HarmoQ: Harmonized Post-Training Quantization for High-Fidelity Image
Hongjun Wang, Jiyuan Chen, Xuan Song, Yinqiang Zheng
TL;DR
HarmoQ targets efficient, high-fidelity image super-resolution under post-training quantization by uncovering a fundamental asymmetry: weight quantization mainly degrades structural similarity while activation quantization harms pixel-level accuracy. It introduces a unified three-step framework—Structural Residual Calibration, Harmonized Scale Optimization, and Adaptive Boundary Refinement—to jointly mitigate the coupled quantization errors. The approach provides closed-form solutions for weight calibration and scale, plus gradient-based boundary refinement, and demonstrates substantial PSNR/SSIM gains at 2-bit and 3-bit quantization, along with notable speedups and memory reductions on HPC GPUs.

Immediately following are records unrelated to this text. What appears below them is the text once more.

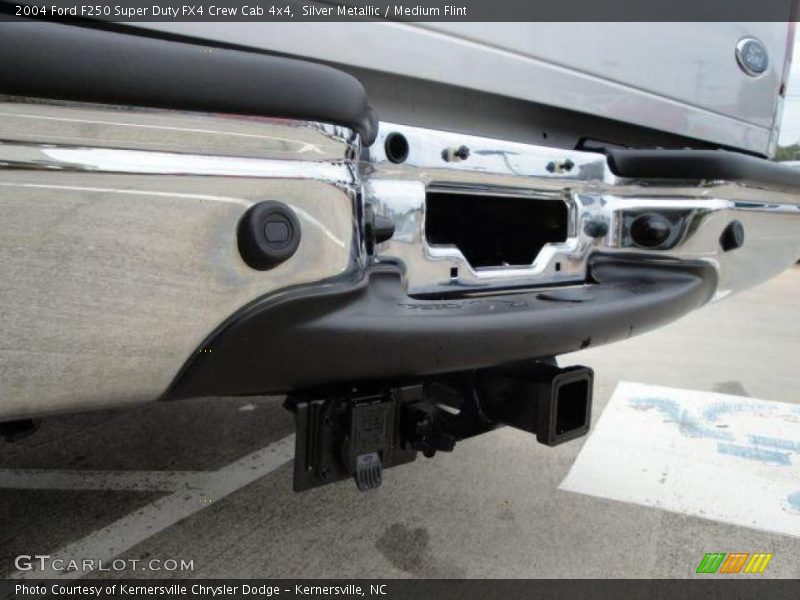 Silver Metallic / Medium Flint 2004 Ford F250 Super Duty FX4 Crew Cab 4x4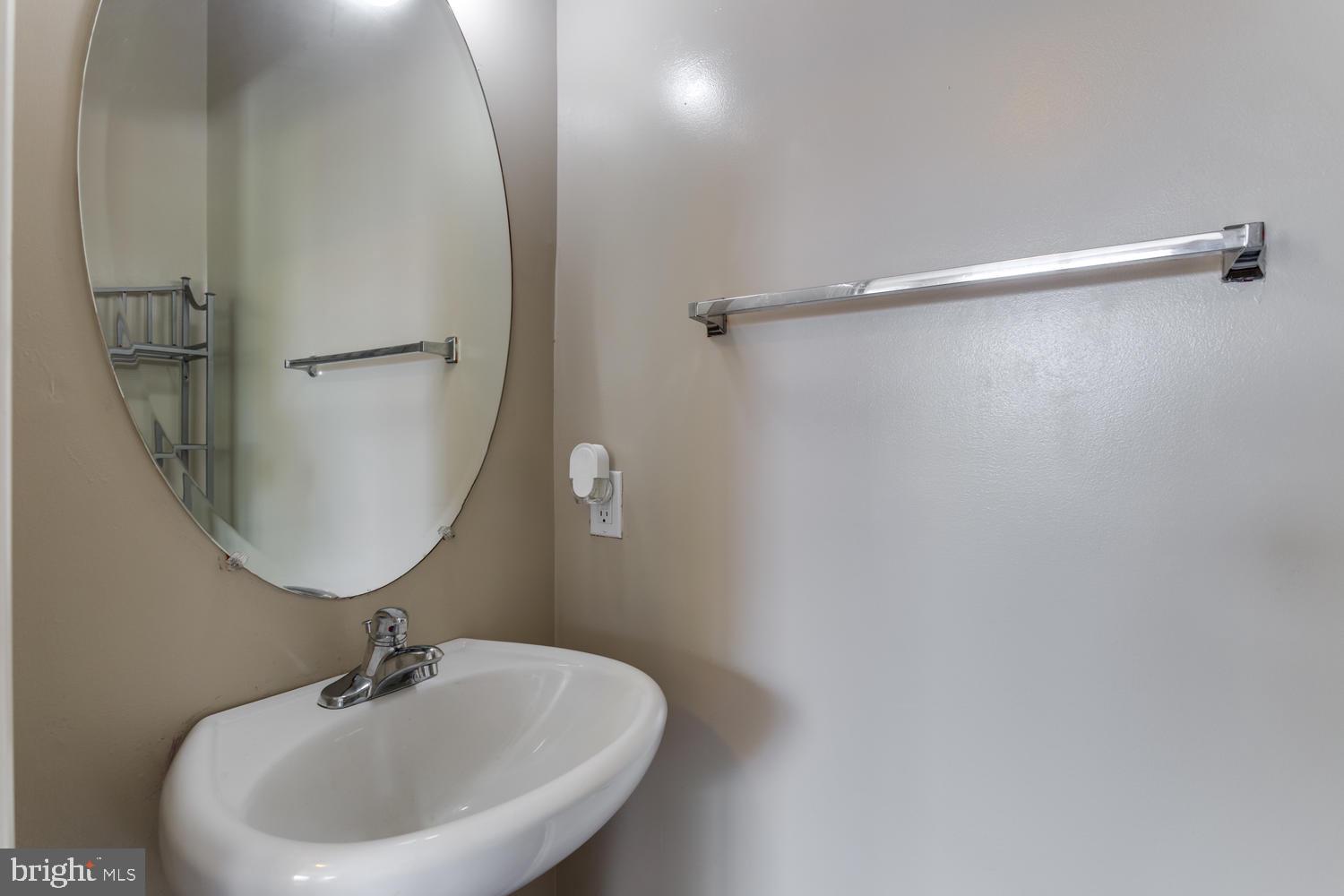 OAK TREE LANDING - Residential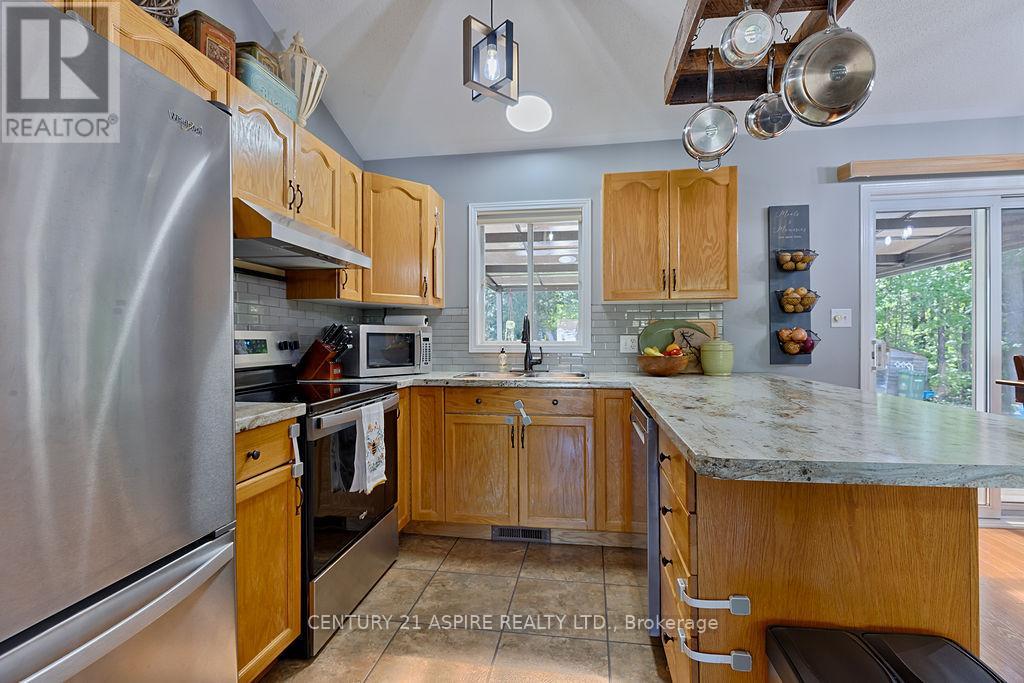 3 Dennis Crescent, Petawawa, Ontario  K8A 8P3 - Photo 5 - X13246336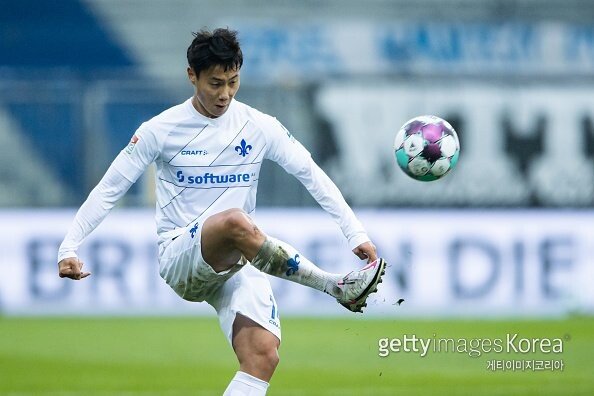 Jeonbuk declared “recruitment withheld”…  Would you like Suwon, who received the ball, and Seungho Baek?  : Sports Dong-A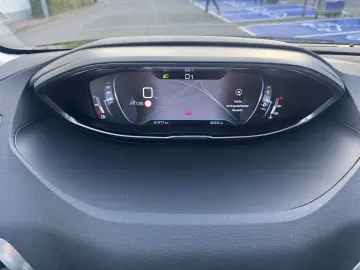 PEUGEOT 3008 Active Business Automatik Top Zustand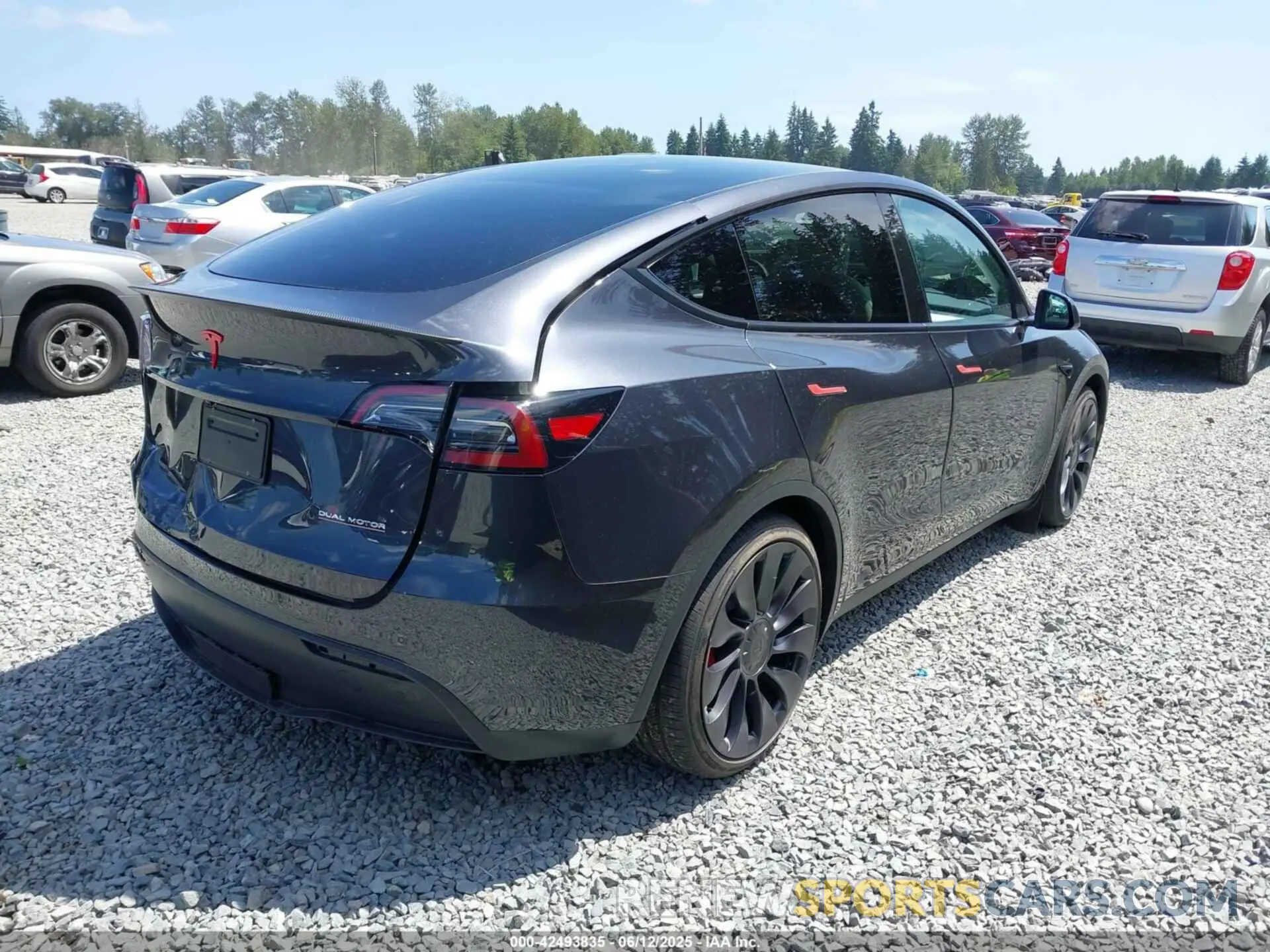 4 Photograph of a damaged car 7SAYGDEF3SF254196 TESLA MODEL Y 2025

By systematically analyzing weight–activation coupling and proposing a principled optimization flow, HarmoQ enables robust, efficient deployment of high-quality SR models on resource-constrained devices.
Abstract
Post-training quantization offers an efficient pathway to deploy super-resolution models, yet existing methods treat weight and activation quantization independently, missing their critical interplay. Through controlled experiments on SwinIR, we uncover a striking asymmetry: weight quantization primarily degrades structural similarity, while activation quantization disproportionately affects pixel-level accuracy. This stems from their distinct roles--weights encode learned restoration priors for textures and edges, whereas activations carry input-specific intensity information. Building on this insight, we propose HarmoQ, a unified framework that harmonizes quantization across components through three synergistic steps: structural residual calibration proactively adjusts weights to compensate for activation-induced detail loss, harmonized scale optimization analytically balances quantization difficulty via closed-form solutions, and adaptive boundary refinement iteratively maintains this balance during optimization. Experiments show HarmoQ achieves substantial gains under aggressive compression, outperforming prior art by 0.46 dB on Set5 at 2-bit while delivering 3.2x speedup and 4x memory reduction on A100 GPUs. This work provides the first systematic analysis of weight-activation coupling in super-resolution quantization and establishes a principled solution for efficient high-quality image restoration.